The treatment, known as convalescent plasma therapy (CP), was used during the 1918 Spanish flu pandemic before vaccines or antivirals were available.
It is based on the fact that the blood of people who have recovered contains strong antibodies that are trained to fight the virus.
There is currently no treatment for coronavirus and vaccines are unlikely to be available before the end of the year at the earliest.
Researchers at Jiao Tong University School of Medicine in Shanghai said results suggest that blood plasma therapy is a safe and promising treatment for severe Covid-19 patients, and called for larger trials clinics.
Sir Munir Pirmohamed, President of the British Pharmacological Society, said: “It was not a randomized trial and all of the patients also received other treatments, including antivirals such as remdesivir, which are currently being test for Covid-19. “
Sir Munir added that it was also important to remember that there are potential safety concerns around treatment, including illnesses that occur by transfusion.
He said, “Even if it’s proven effective, scalability for treating a large number of patients can become an issue. “
The pilot study, published in the journal Proceedings of the National Academy of Sciences, involved 10 patients, ages 34 to 78, who presented with severe symptoms such as shortness of breath and chest pain.
All received a transfusion of 200 ml of blood plasma, and the researchers said all clinical symptoms, which also included fever and cough, subsided within three days.
The number of white blood cells that fight disease – lymphocytes – also increased and antibody levels remained high after the CP transfusion, the researchers said.

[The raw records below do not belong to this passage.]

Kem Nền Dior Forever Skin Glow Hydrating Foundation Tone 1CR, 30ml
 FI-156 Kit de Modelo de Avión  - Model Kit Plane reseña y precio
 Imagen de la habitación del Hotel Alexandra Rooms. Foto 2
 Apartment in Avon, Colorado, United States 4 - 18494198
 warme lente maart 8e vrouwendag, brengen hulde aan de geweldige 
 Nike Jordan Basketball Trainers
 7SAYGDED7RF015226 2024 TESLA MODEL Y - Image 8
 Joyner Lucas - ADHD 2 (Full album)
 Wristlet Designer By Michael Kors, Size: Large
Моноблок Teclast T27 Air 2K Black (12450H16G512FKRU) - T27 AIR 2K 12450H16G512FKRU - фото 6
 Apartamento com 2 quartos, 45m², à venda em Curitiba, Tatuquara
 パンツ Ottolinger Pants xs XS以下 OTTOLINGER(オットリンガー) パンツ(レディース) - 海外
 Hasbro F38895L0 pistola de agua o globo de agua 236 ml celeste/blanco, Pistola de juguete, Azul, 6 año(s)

A 42-year-old man, seriously ill and on a ventilator, breathed again for himself after two days, a result described by scientists as “remarkable”.
In the United States, the Food and Drug Administration (FDA) has approved the use of CT therapy as an experimental treatment in clinical trials and for critical patients with no other options.
In the UK, it has been reported that the NHS may begin administering therapy to hospital patients in the near future.